**Task details:**
Transcribe the lines below verbatim, skipping the images.

**Data shown:**
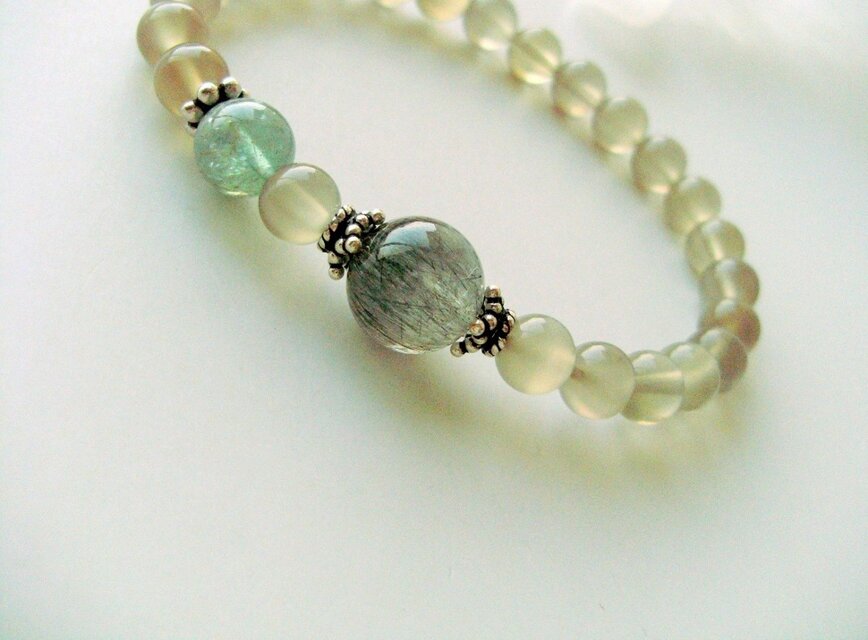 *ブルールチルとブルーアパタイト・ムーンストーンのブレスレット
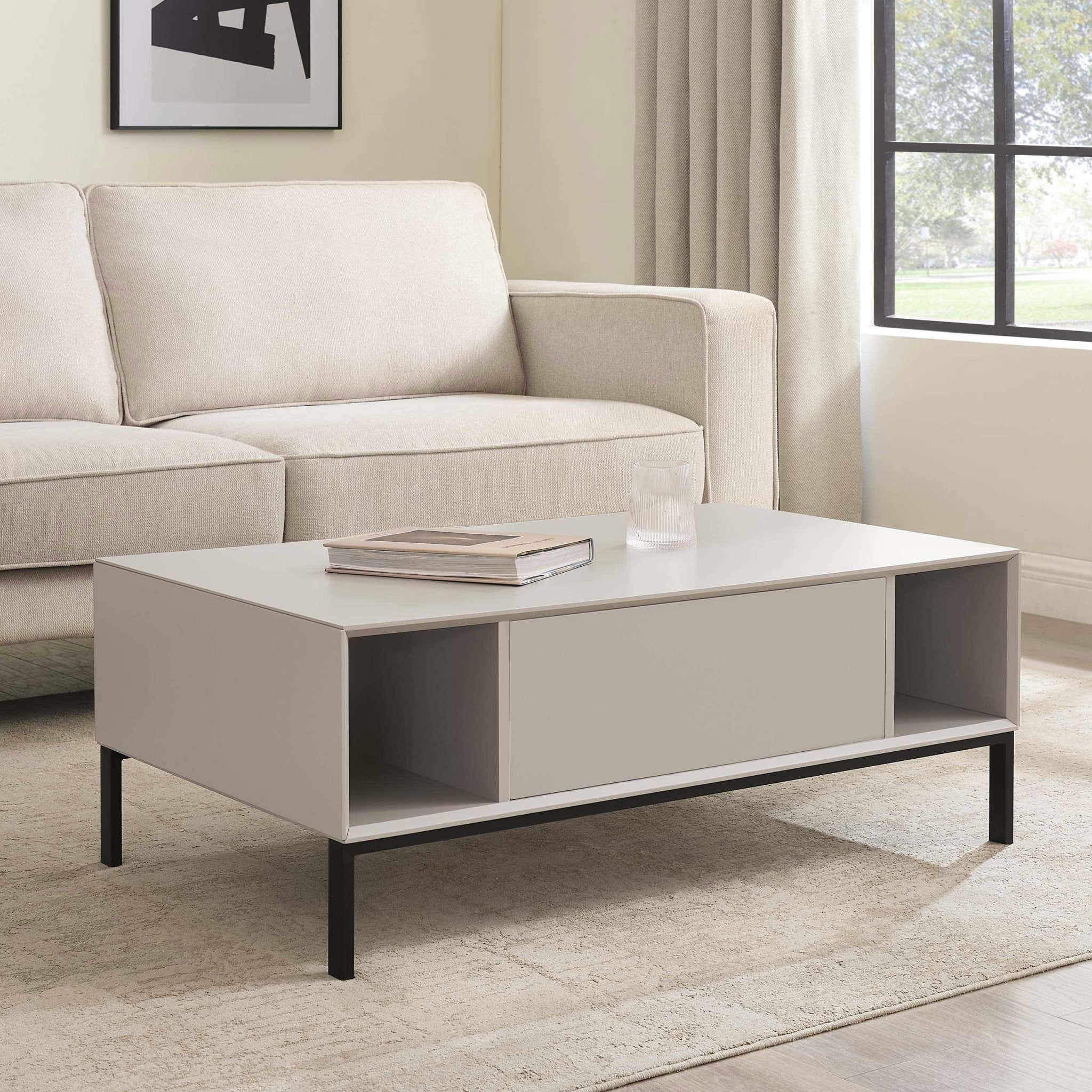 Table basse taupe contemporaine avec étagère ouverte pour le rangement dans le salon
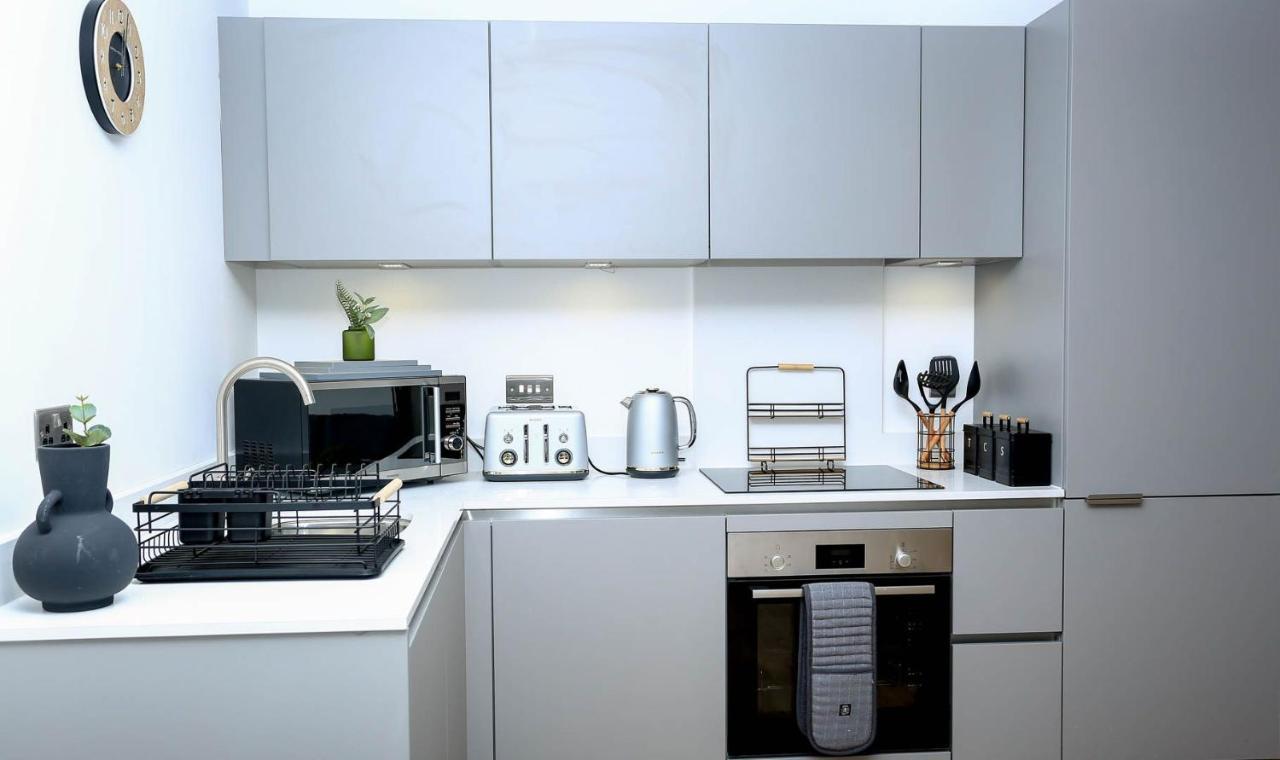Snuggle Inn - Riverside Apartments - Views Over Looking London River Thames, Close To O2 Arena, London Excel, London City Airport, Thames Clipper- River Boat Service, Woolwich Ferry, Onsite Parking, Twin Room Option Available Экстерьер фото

**Exercise answer:**
 *ブルールチルとブルーアパタイト・ムーンストーンのブレスレット
 Table basse taupe contemporaine avec étagère ouverte pour le rangement dans le salon
Snuggle Inn - Riverside Apartments - Views Over Looking London River Thames, Close To O2 Arena, London Excel, London City Airport, Thames Clipper- River Boat Service, Woolwich Ferry, Onsite Parking, Twin Room Option Available Экстерьер фото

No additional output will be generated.